Une voiture était arrêtée devant la porte de la caserne. C’était une berline armoriée portant aux lanternes une couronne ducale, attelée de deux chevaux gris, deux laquais en guêtres derrière. Les glaces étaient levées mais on distinguait l’intérieur tapissé de damas bouton d’or. Le regard de l’homme fixé sur cette voiture attira le mien. Il y avait dans la voiture une femme en chapeau rose, en robe de velours noir, fraîche, blanche, belle, éblouissante, qui riait et jouait avec un charmant petit enfant de seize mois enfoui sous les rubans, les dentelles et les fourrures.

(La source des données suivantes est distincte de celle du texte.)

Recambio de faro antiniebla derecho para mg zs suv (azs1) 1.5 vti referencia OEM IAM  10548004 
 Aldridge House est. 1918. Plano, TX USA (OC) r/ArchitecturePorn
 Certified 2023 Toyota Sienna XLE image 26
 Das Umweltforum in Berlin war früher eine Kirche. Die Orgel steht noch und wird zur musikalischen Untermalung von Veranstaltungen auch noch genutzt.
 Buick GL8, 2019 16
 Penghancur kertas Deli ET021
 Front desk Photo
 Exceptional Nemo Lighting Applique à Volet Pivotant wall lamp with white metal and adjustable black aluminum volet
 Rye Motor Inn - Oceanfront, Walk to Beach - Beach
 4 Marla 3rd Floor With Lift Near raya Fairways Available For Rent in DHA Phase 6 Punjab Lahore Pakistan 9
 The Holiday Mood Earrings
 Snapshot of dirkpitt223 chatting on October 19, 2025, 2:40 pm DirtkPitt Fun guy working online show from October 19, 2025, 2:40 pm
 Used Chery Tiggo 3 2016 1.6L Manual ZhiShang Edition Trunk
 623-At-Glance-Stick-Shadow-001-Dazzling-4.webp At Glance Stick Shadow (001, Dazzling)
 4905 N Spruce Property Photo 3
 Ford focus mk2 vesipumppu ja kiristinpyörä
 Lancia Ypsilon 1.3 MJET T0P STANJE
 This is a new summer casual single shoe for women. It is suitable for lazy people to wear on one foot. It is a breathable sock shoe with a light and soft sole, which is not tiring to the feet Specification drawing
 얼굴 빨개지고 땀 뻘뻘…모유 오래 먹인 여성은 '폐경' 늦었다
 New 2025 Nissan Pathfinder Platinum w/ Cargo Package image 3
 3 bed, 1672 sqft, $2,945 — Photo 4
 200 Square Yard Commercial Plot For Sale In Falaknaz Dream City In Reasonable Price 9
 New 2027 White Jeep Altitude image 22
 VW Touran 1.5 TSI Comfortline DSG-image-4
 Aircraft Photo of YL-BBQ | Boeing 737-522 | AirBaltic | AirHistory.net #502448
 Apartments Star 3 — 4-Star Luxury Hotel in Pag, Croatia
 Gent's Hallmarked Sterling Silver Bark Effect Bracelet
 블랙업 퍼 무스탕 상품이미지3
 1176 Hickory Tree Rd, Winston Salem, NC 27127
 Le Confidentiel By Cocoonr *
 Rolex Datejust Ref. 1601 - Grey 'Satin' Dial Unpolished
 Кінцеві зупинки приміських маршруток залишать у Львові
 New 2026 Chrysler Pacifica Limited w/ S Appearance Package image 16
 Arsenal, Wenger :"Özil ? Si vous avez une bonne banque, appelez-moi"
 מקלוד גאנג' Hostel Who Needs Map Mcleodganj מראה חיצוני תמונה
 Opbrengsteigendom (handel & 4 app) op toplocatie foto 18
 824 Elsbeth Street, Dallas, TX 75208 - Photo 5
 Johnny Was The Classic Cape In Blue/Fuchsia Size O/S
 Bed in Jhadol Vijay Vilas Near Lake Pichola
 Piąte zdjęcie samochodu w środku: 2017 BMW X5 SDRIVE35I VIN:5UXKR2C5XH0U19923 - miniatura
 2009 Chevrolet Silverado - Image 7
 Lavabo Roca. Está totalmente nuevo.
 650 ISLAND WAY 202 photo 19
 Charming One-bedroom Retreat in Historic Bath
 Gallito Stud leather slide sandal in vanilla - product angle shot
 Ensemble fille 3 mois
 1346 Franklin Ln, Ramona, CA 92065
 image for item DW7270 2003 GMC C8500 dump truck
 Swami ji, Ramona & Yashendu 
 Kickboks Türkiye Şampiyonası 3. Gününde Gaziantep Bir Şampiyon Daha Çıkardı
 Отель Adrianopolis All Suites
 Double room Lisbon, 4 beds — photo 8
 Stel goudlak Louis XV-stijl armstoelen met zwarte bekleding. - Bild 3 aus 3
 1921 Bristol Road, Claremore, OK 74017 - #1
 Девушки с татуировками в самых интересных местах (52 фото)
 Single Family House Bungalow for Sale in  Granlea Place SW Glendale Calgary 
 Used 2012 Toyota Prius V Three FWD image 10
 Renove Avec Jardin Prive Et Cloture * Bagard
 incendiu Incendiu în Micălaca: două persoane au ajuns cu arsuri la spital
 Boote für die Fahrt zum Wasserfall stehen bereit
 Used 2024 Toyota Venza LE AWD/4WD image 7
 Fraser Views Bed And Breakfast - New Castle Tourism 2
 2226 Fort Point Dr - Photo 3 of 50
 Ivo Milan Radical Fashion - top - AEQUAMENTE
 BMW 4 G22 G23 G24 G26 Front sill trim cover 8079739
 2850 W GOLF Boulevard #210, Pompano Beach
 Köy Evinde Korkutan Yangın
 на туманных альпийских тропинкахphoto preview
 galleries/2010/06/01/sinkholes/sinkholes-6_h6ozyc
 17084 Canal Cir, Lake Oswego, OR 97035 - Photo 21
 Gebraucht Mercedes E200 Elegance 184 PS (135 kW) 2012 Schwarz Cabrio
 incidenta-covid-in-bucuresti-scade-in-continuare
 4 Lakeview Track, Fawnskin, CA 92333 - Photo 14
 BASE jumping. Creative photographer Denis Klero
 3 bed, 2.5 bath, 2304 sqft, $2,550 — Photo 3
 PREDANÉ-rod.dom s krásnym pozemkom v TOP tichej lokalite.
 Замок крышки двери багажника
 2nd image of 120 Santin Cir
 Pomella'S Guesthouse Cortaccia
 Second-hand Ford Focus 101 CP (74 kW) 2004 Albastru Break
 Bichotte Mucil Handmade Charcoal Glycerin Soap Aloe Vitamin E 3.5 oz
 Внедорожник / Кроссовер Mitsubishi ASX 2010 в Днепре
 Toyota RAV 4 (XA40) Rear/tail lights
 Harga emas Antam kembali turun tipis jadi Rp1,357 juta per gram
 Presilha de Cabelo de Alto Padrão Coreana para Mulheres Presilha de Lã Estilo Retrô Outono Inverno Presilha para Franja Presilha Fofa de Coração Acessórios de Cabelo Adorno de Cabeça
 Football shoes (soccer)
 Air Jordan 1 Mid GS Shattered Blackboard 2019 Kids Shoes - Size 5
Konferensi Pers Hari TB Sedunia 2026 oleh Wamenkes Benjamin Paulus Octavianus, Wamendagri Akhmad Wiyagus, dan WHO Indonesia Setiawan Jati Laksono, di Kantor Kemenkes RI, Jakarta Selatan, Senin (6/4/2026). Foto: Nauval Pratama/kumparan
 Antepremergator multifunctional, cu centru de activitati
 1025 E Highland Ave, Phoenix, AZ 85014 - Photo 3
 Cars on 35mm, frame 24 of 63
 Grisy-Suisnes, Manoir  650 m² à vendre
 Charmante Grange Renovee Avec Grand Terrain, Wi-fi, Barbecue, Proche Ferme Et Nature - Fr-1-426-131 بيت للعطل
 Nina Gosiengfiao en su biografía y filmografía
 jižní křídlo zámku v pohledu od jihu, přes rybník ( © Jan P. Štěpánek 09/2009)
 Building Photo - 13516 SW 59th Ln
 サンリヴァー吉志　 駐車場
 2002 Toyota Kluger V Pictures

Cette femme ne voyait pas l’homme terrible qui la regardait.
Je demeurai pensif.
Cet homme n’était plus pour moi un homme, c’était le spectre de la misère, c’était l’apparition brusque, difforme, lugubre, en plein jour, en plein soleil, d’une révolution encore plongée dans les ténèbres mais qui vient. Autrefois le pauvre coudoyait le riche, ce spectre rencontrait cette gloire ; mais on ne se regardait pas. On passait. Cela pouvait durer ainsi longtemps. Du moment où cet homme s’aperçoit que cette femme existe tandis que cette femme ne s’aperçoit pas que cet homme est là, la catastrophe est inévitable.
Quelques années plus tard, Hugo se met à l’écriture d’une fresque romanesque intitulée Les Misères, et crée le personnage de Jean Tréjean, en s’inspirant de cet homme qu’il a vu dans une rue parisienne. Il s’inspire également de l’histoire de Pierre Maurin, qui avait été condamné au bagne pour le vol d’un pain.
En exil à Guernesey, Hugo terminera sa grande œuvre, Les Misérables, et nommera finalement son héros Jean Valjean.